Nach dem mutmaßlichen Attentatsversuch in München, bei dem ein tatverdächtiger 18-Jähriger von der deutschen Polizei erschossen wurde, war am späten Donnerstagnachmittag am Wohnsitz des zuletzt in der Flachgauer Gemeinde Neumarkt am Wallersee gemeldeten Österreichers eine Polizeiaktion im Laufen. Das bestätigte Chefinspektor Hans Wolfgruber von der Salzburger Landespolizeidirektion der APA. Zunächst hatte die „Kronen Zeitung“ darüber berichtet.
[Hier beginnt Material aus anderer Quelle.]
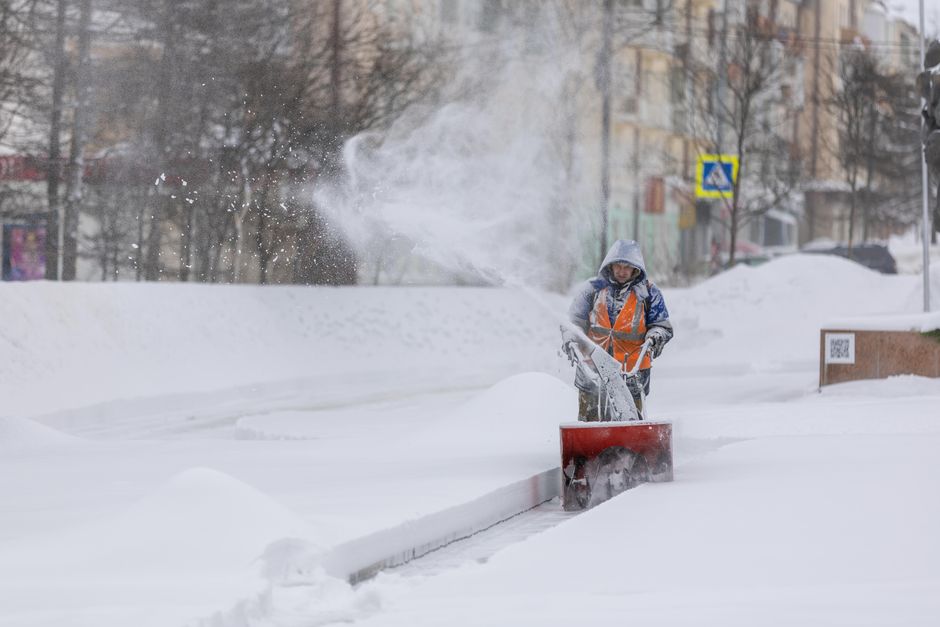 Snow removal equipment in action - commercial snow removal insurance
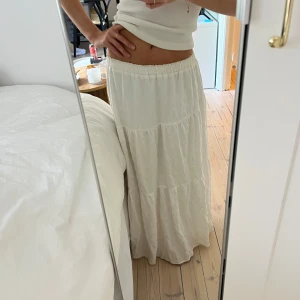 Vit maxikjol - Finaste långkjolen med volanger och resår i midjan. Lite nopprig men såå fin & skön, mycket stretchig så man kan ha low waist, passar då XS-M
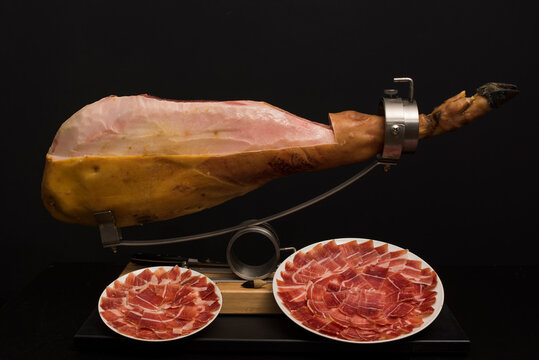 Jam&oacute;n sobre jamonero preparandolo para limpieza y corte con emplatado.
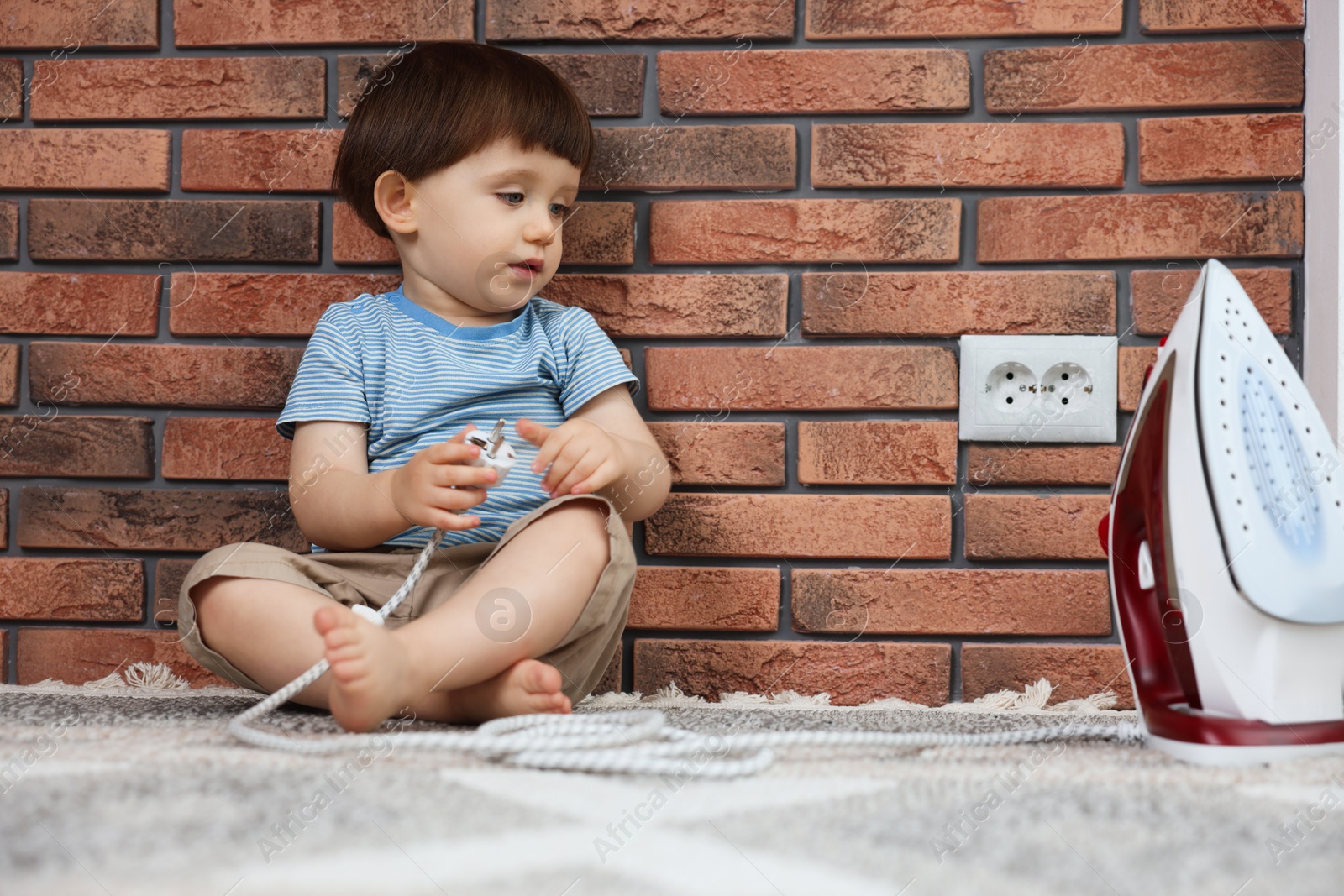 Photo of Little boy playing with iron plug near electrical socket at home. Child in danger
Polizei-Großeinsatz im Salzburger Flachgau
Für die Bevölkerung in der 6.600 Einwohner-Gemeinde bestehe keine Gefahr, zitierte die „Krone“ den Salzburger Landespolizeidirektor Bernhard Rausch. Polizeisprecher Wolfgruber bestätigte der APA den Einsatz und sprach von „routinemäßigen Hintergrundüberprüfungen“ am Wohnsitz des 18-Jährigen. Wie viele Polizisten im Einsatz stehen, wollte er aus kriminaltaktischen Gründen nicht sagen, es sei aber schon ein großes Aufgebot. Dabei seien auch zahlreiche Experten und Spezialkräfte. Der Einsatz erfolge behutsam und mit großer Vorsicht, weil niemand wisse, was einen in den Räumlichkeiten erwarte. Man gehe bei der Überprüfung akribisch vor und sichere alle Spuren. Beim 18-Jährigen handelt es sich laut Polizei um einen Flachgauer mit bosnischen Wurzeln, der bereits im Februar 2023 polizeilich bekannt wurde. Dem Mann war nach einer gefährlichen Drohung gegen Mitschüler und damit einhergehender Körperverletzung auch die Beteiligung an einer terroristischen Vereinigung vorgeworfen worden. „Es bestand der Verdacht, dass er sich religiös radikalisiert hatte, online einschlägig aktiv war und sich für Sprengstoff sowie Waffen interessierte. Nach Abschluss dieser Ermittlungen stellte die Staatsanwaltschaft Salzburg im April 2023 alle erhobenen Vorwürfe ein“, heißt es im Pressebericht der Polizei. Gegen den damals 17-Jährigen bestätigte die zuständige Verwaltungsbehörde ein Waffenverbot, welches bis mindestens Anfang 2028 aufrecht ist. Seither sei der 18-Jährige nicht mehr polizeilich in Erscheinung getreten, hieß es.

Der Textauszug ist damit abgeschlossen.